INFORMATION SUPPLIED:
···

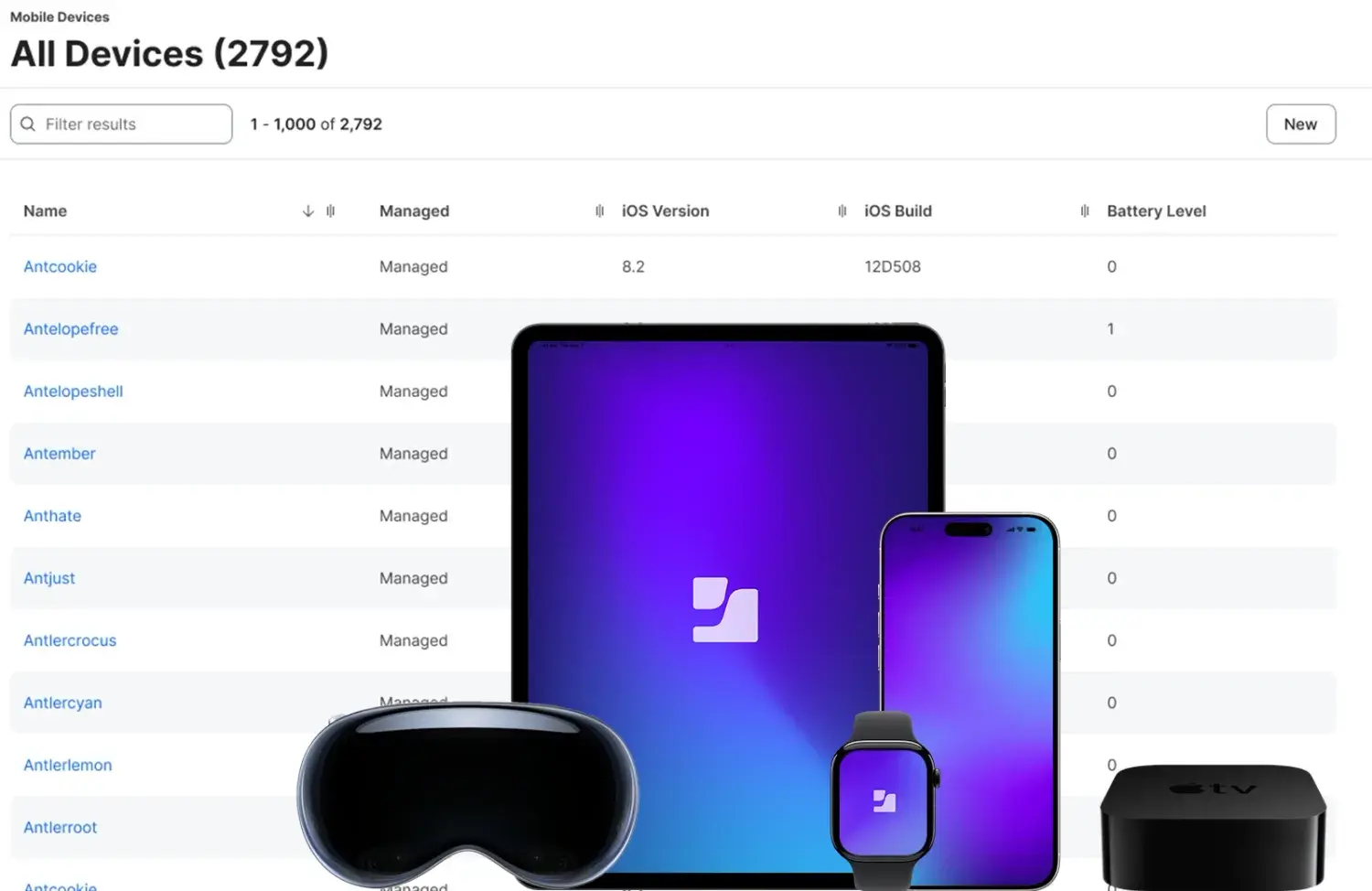 product-scale-short-content_copy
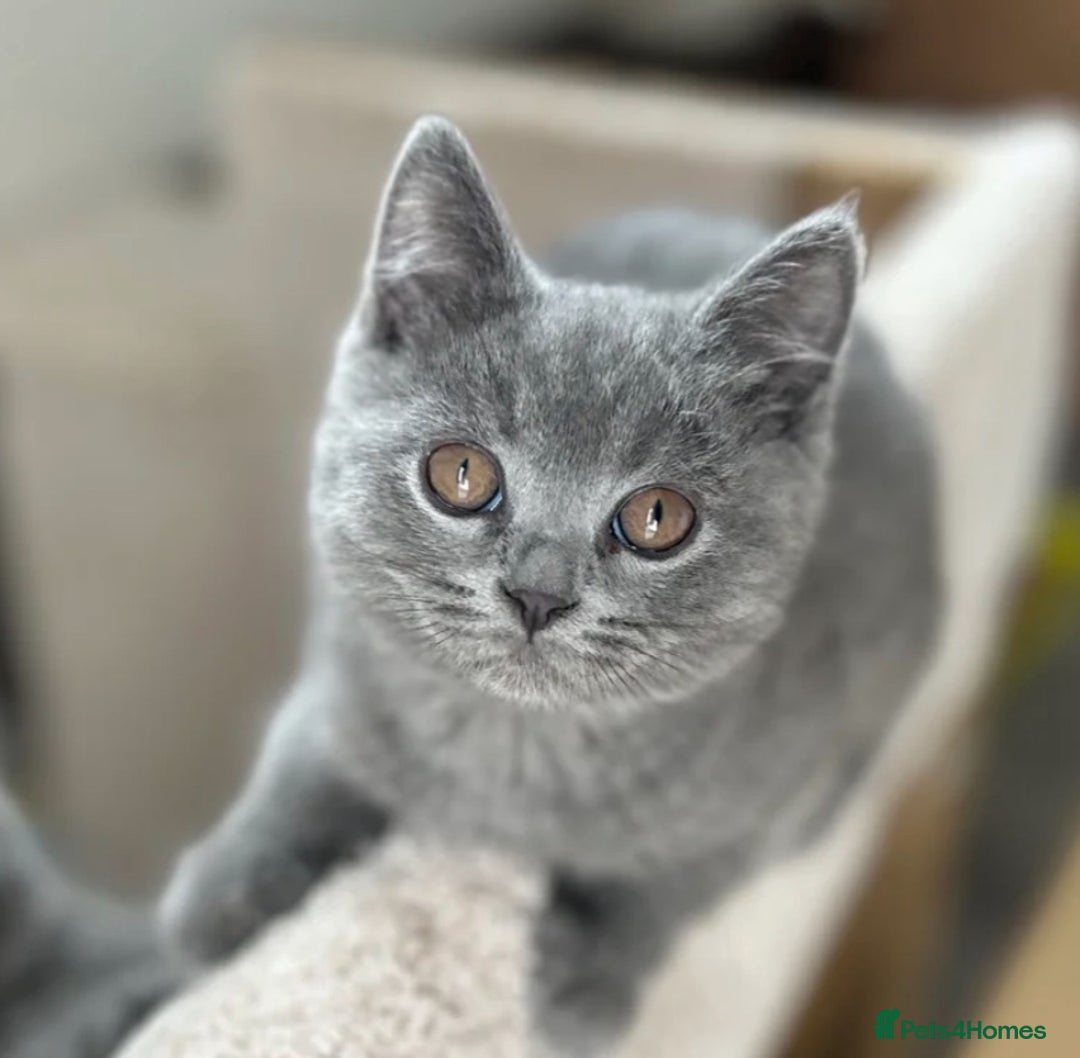 British Shorthair cats for sale: British shorthair  in Blackpool - Image 8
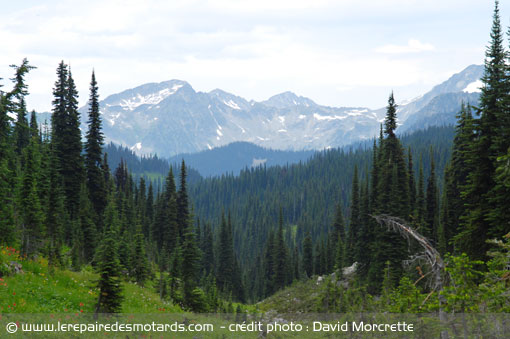 Montagnes du parc de Revelstoke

···

GOAL OF THE EXERCISE: What you print must be exactly the lines from the one containing "British Shorthair cats" through the last line of the material, and no pictures.

RESULT FOR THIS TASK:
 British Shorthair cats for sale: British shorthair  in Blackpool - Image 8
 Montagnes du parc de Revelstoke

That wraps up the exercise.